Dies war immer noch nicht die ganze Wahrheit. Aus britischen Archiven erfuhr Mensing, dass sein Großvater von einer kanadischen Einheit festgesetzt und nach dem Krieg als polnischer Besatzungssoldat im Emsland eingesetzt wurde. 1945 wurden 1000 Soldaten nach Fürstenau verlegt, wo Jósef dann die Tischlertocher Marianne kennenlernte und mit ihr ein Kind zeugte – Koljas Vater. Die Beziehung scheiterte und Józef Koźlik ging nach Polen zurück, wo er als sogenannter „Beutekamerad“ eine Gefängnisstrafe verbüßen musste.

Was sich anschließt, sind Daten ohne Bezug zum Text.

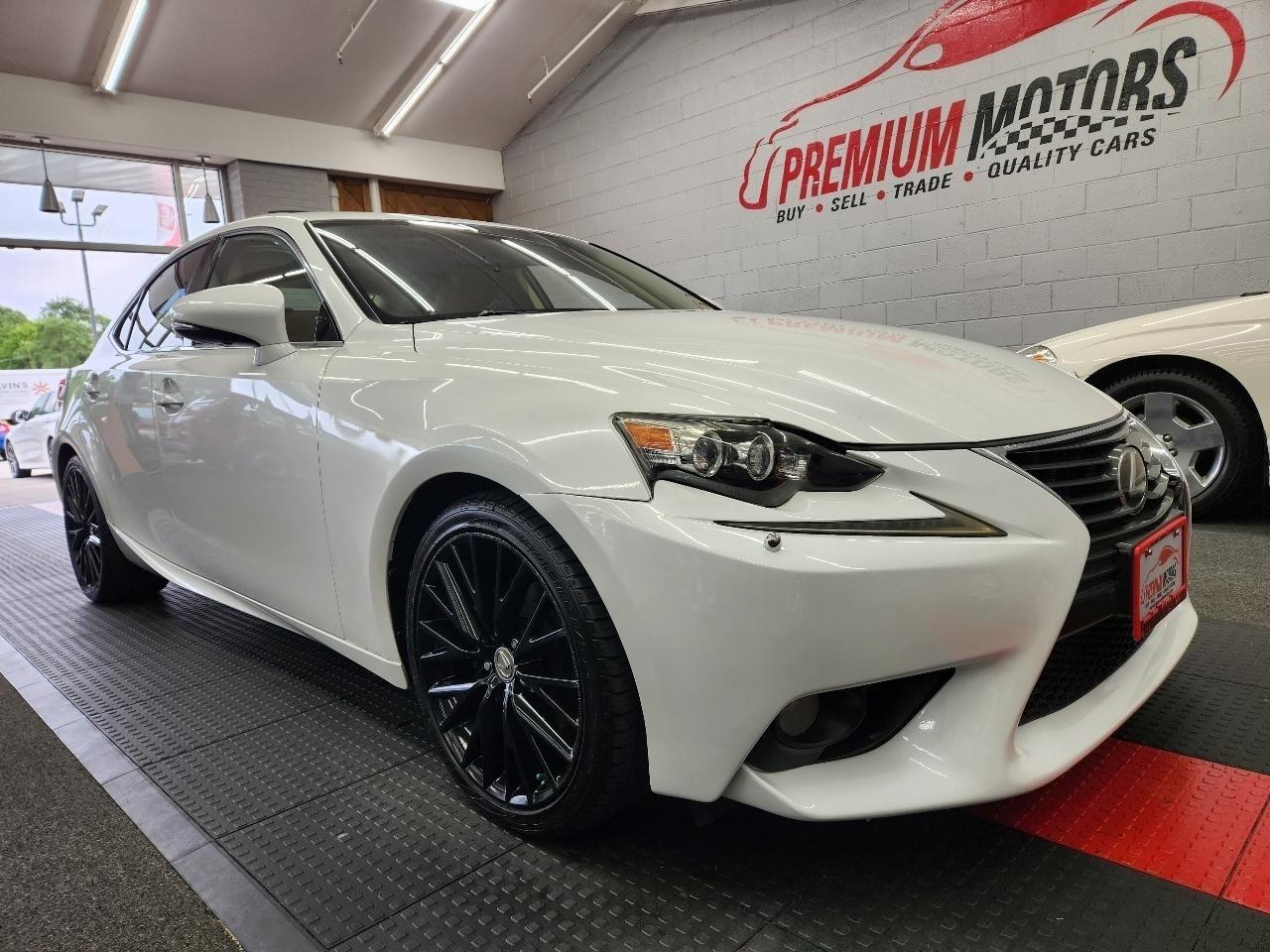 Lexus IS  2014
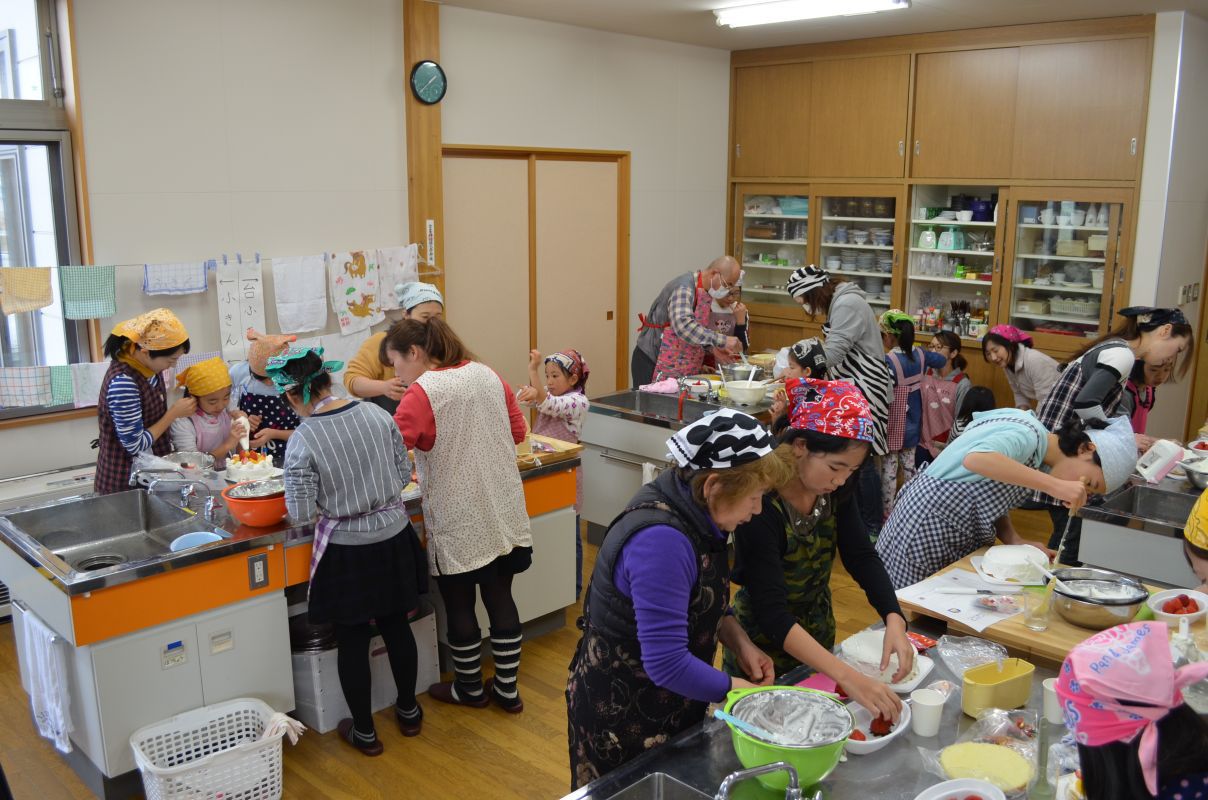 親子クリスマスケーキ作り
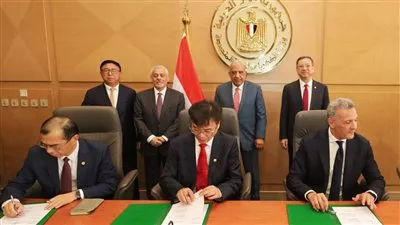 توقيع اتفاقيتين لإقامة محطتين لتخزين الطاقة في الزعفرانة وبنبان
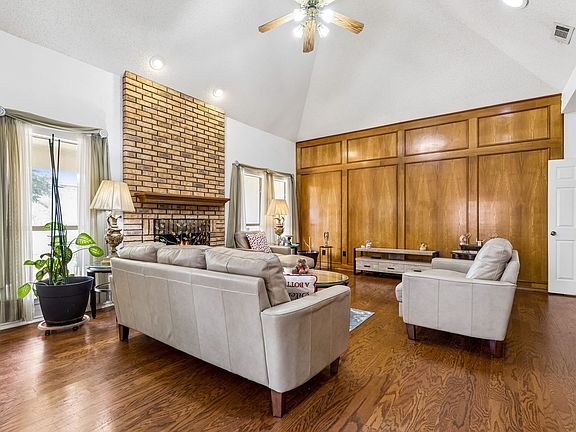 3rd image of 903 Wyndham Pl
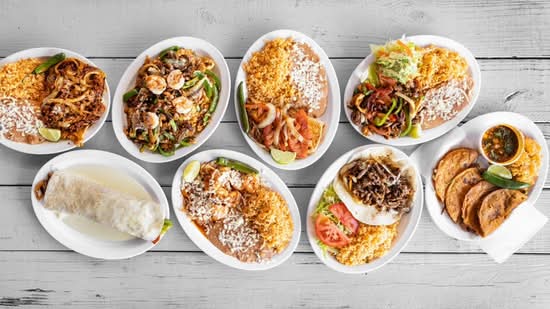 Tienda y Tacos Alazan (300 US-123)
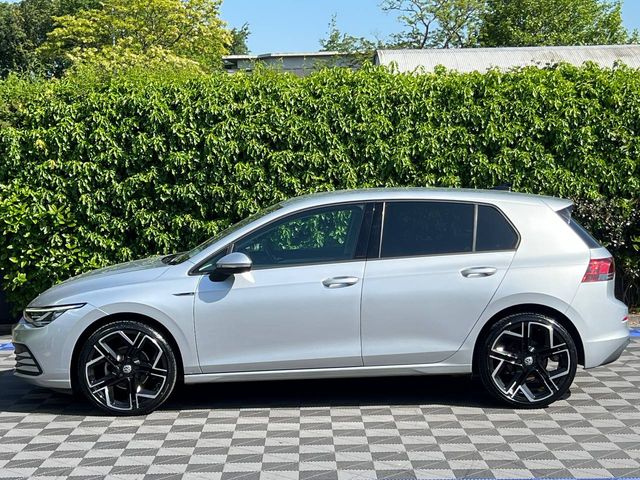 Image for 2023 Volkswagen Golf R-LINE PACK 1.0 TSI AUTO // NEW 19" DIAMOND CUT ALLOYS // APPLE CARPLAY/ANDROID AUTO // DIGITAL CLUSTER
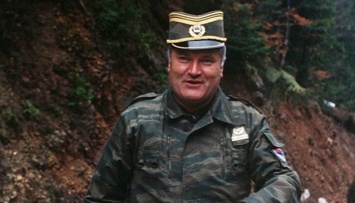 Прокурор на суде в Гааге заявил, что Младич хотел истребить мусульман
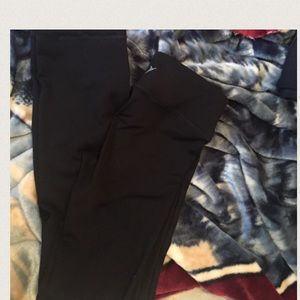 Black yoga pants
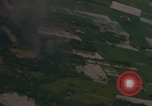 Image Air Strike le Vietnam du Sud, 1965, de la seconde 52 séquences d'archives historiques vidéo 65675071414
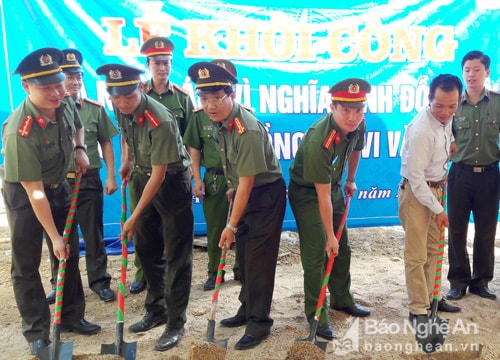 Khởi công nhà tình nghĩa tặng cán bộ, chiến sỹ công an khó khăn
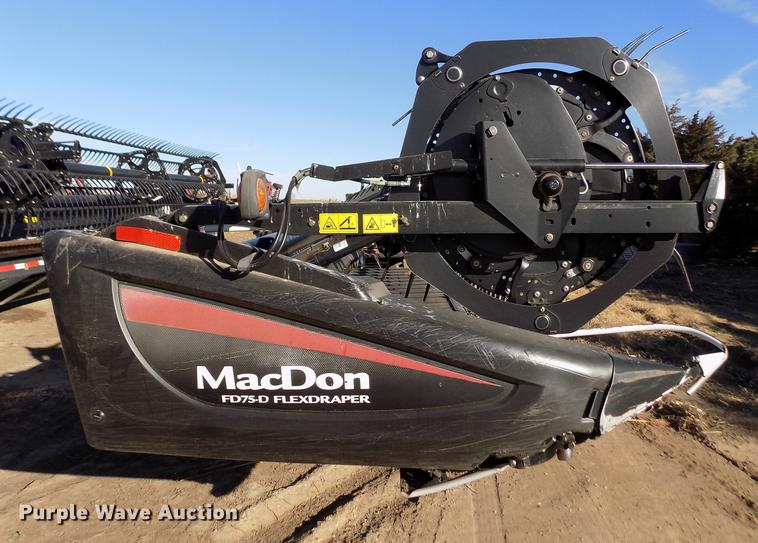 image for item FE9277 2013 MacDon FD75D draper flex head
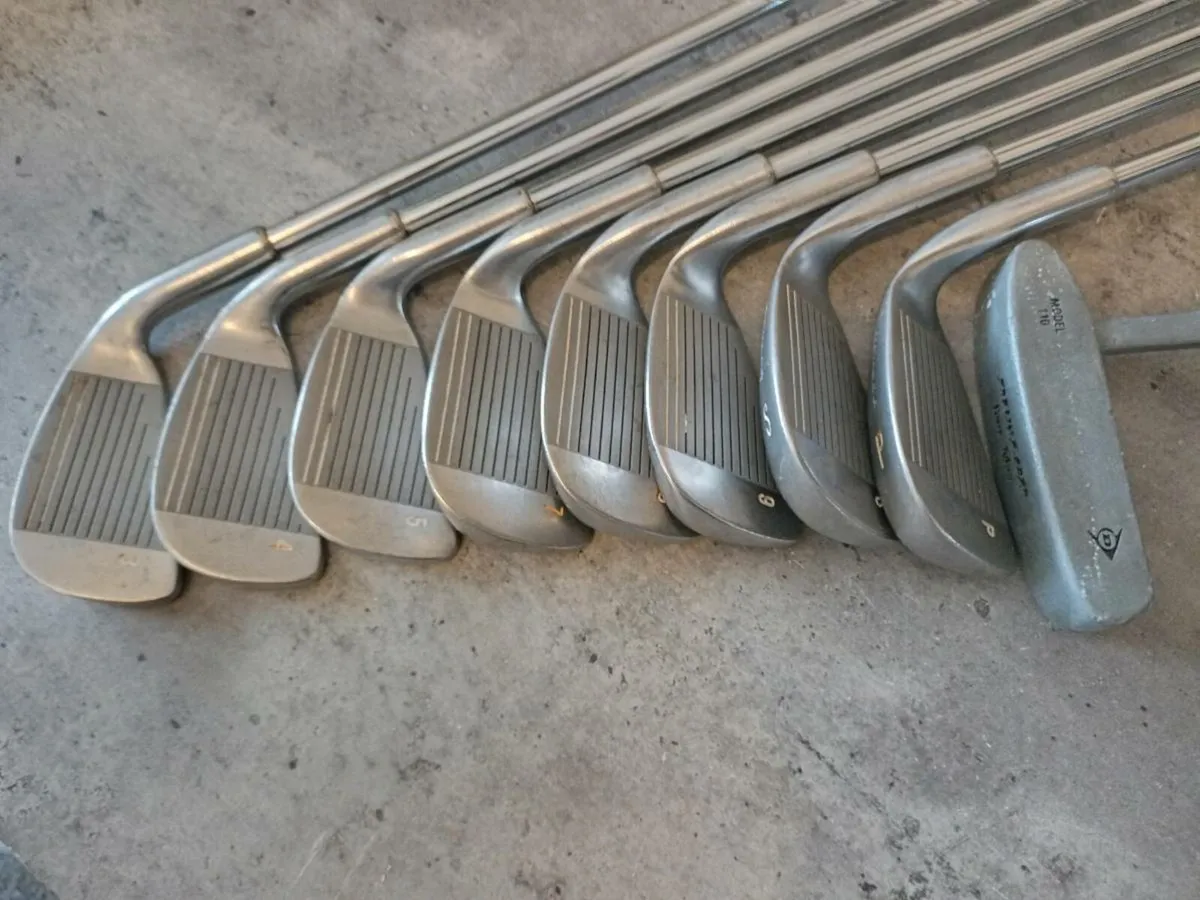 Dunlop golf irons and putter. Left handed clubs - Image 4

Mensings Vater hatte es in der Nachkriegszeit als „Polenkind“ in der Gemeinde Fürstenau nicht leicht. Gespräche verstummten, wenn er den Raum betrat. Von der Mutter wurde er über seine Herkunft im unklaren gelassen. Diese Lücke in seinem Stammbaum füllte er mit abenteuerlichen Geschichten, weiß Kolja Mensing heute zu berichten.

Der Journalist und Autor erwies sich an dem Abend im Dulingshof nicht nur als guter Vorleser, sondern auch als spannender Erzähler seiner Stammbaumgeschichte.